▶ [Directions]
Pick out each line below containing "Florida".

Data excerpts
=== Section Start ===
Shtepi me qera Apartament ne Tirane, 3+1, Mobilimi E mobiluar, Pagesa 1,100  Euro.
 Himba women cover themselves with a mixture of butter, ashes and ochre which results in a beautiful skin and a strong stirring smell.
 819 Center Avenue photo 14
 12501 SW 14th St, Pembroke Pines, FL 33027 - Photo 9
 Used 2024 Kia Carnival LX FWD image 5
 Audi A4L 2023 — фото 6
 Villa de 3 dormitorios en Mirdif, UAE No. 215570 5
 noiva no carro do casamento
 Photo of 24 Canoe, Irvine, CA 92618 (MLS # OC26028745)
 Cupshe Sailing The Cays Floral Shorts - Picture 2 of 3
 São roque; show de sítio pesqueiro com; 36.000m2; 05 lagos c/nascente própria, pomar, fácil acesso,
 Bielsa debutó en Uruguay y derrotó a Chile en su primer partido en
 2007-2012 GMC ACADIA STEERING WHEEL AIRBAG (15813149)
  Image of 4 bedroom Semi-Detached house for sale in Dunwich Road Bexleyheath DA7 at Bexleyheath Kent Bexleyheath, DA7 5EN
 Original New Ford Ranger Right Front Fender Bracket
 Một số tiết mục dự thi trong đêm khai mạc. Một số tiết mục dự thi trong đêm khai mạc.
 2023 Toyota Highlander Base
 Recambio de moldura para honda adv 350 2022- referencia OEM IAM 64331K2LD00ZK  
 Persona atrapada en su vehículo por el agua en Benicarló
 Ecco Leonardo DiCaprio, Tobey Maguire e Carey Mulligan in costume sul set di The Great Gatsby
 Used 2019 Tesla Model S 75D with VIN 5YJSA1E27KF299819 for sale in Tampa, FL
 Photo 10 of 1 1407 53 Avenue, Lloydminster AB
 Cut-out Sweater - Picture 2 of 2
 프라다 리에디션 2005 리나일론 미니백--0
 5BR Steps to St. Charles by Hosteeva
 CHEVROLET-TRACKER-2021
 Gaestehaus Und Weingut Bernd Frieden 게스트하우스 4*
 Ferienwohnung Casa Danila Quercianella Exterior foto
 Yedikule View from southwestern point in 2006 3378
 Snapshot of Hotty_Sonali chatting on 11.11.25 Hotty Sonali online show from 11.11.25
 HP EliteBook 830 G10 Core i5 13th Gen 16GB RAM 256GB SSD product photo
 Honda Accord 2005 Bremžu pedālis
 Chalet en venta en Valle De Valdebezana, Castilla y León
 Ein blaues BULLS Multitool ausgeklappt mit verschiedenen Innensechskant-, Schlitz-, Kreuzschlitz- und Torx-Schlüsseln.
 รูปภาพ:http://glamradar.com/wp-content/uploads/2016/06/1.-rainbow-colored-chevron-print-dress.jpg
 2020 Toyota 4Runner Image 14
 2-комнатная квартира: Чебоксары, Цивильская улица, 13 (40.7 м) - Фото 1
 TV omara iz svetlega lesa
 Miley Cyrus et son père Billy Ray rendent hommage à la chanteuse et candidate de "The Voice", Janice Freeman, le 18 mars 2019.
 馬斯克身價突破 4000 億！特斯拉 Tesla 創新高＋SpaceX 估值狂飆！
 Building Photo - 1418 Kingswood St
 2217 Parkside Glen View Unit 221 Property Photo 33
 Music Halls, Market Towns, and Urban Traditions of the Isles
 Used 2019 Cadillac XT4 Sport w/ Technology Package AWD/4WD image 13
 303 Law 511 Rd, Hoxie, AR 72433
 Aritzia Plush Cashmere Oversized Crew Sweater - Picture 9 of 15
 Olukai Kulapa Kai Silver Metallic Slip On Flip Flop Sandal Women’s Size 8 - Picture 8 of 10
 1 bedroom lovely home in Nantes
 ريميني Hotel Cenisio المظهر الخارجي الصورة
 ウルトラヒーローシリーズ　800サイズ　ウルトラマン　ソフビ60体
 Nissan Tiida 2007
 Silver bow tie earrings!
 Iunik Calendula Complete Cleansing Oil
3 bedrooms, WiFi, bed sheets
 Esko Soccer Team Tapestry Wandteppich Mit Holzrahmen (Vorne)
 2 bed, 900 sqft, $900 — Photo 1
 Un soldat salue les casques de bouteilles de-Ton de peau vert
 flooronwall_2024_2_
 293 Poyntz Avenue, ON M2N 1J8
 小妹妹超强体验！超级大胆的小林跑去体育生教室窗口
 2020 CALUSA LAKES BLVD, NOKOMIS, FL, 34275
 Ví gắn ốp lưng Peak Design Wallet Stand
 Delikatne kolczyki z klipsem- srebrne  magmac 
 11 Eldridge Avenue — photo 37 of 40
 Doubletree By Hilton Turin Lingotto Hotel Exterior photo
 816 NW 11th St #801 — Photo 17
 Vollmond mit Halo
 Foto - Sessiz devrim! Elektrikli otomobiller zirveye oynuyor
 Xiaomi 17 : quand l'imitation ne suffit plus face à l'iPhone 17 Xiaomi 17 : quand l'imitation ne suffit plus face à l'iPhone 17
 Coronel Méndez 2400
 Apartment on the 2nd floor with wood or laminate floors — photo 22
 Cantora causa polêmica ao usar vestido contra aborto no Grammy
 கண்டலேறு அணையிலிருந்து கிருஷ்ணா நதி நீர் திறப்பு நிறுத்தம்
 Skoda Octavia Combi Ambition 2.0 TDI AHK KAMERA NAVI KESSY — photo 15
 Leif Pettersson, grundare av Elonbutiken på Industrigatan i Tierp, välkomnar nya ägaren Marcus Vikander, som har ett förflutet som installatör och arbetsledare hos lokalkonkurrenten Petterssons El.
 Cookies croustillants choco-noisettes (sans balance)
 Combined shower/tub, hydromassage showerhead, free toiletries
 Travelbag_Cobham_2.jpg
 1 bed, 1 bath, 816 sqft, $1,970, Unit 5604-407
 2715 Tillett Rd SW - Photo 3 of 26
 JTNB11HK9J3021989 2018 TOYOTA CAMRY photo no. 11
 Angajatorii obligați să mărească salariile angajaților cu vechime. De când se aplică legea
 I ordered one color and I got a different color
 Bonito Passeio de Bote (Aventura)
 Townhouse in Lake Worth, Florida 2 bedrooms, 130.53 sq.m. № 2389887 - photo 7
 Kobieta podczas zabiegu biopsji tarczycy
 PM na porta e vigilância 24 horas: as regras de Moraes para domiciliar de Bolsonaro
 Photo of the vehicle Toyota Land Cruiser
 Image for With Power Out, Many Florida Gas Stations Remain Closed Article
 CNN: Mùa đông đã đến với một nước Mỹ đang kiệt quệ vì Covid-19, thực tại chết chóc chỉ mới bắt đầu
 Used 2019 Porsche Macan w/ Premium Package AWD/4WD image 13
=== Section End ===
▶ [Result below]
 Townhouse in Lake Worth, Florida 2 bedrooms, 130.53 sq.m. № 2389887 - photo 7
 Image for With Power Out, Many Florida Gas Stations Remain Closed Article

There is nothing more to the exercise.